### [AIM OF THE EXERCISE]
The result should be the lines from the one holding "Фото 5 - EVO" to the end of the records below, repeated exactly. No pictures.

### [Brief descriptive captions]
* * * *

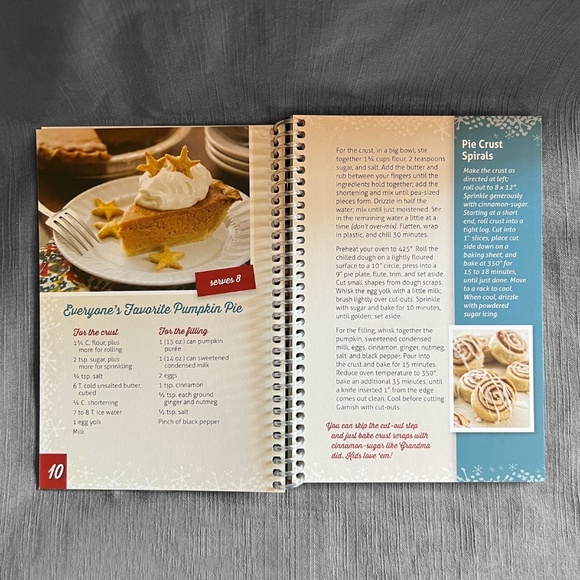 Baking Memories Cookbook - Picture 2 of 4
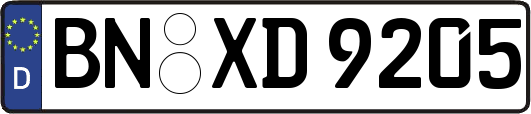 BN-XD9205
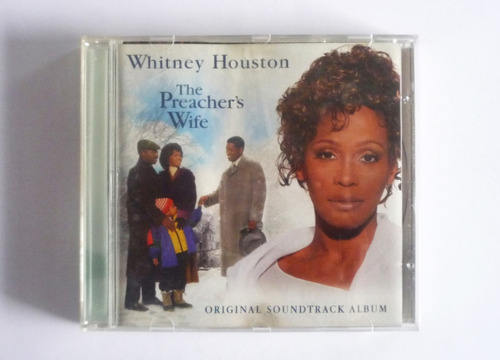 Whitney Houston - The Preachers Wife - Cd 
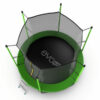 Фото 5 - EVO JUMP Internal 8ft (Green) + Lower net. Батут с внутренней сеткой и лестницей, диаметр 8ft (зеленый) + нижняя сеть.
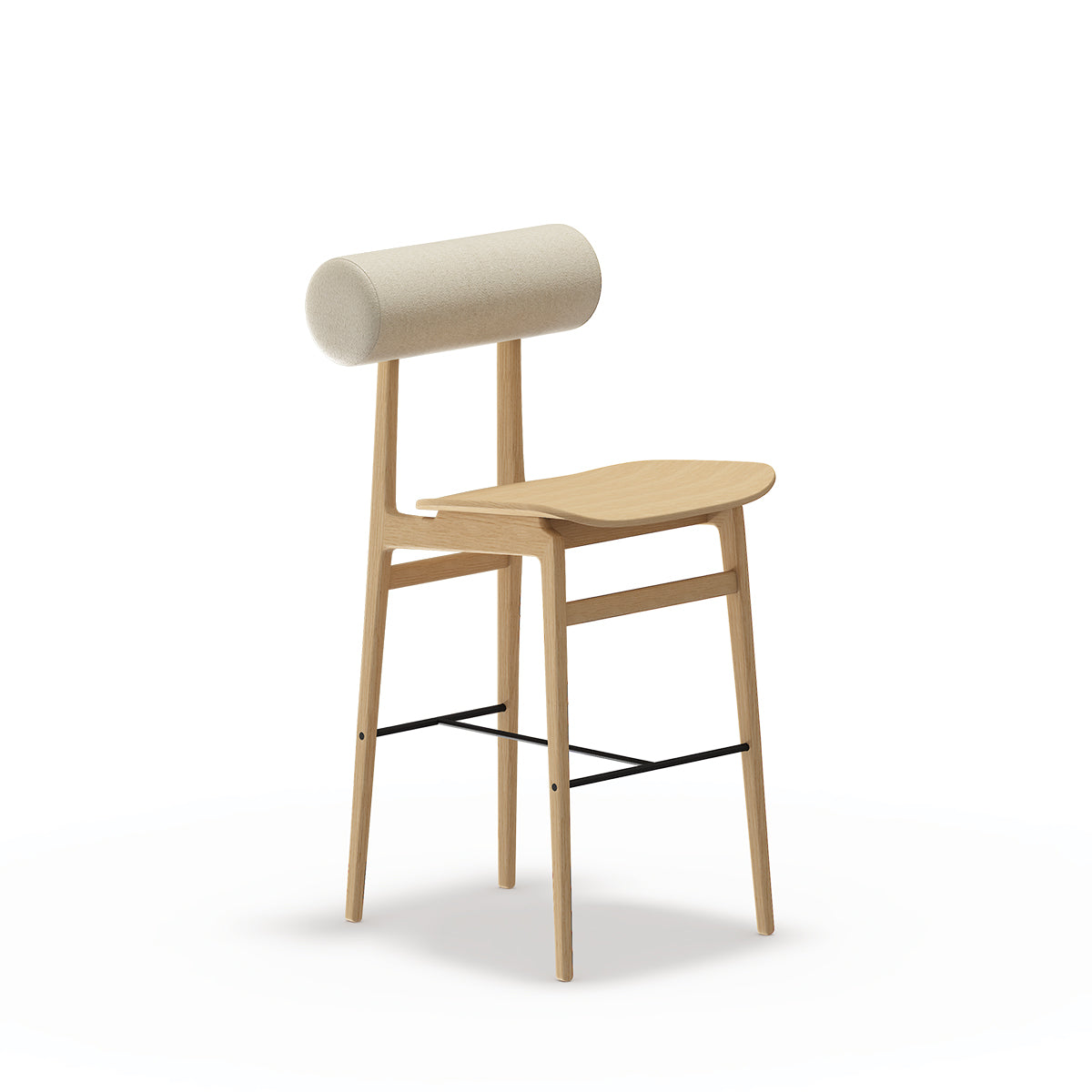 Totem Bar Chair | Oak Seat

* * * *

### [YOUR RESPONSE]
 Фото 5 - EVO JUMP Internal 8ft (Green) + Lower net. Батут с внутренней сеткой и лестницей, диаметр 8ft (зеленый) + нижняя сеть.
 Totem Bar Chair | Oak Seat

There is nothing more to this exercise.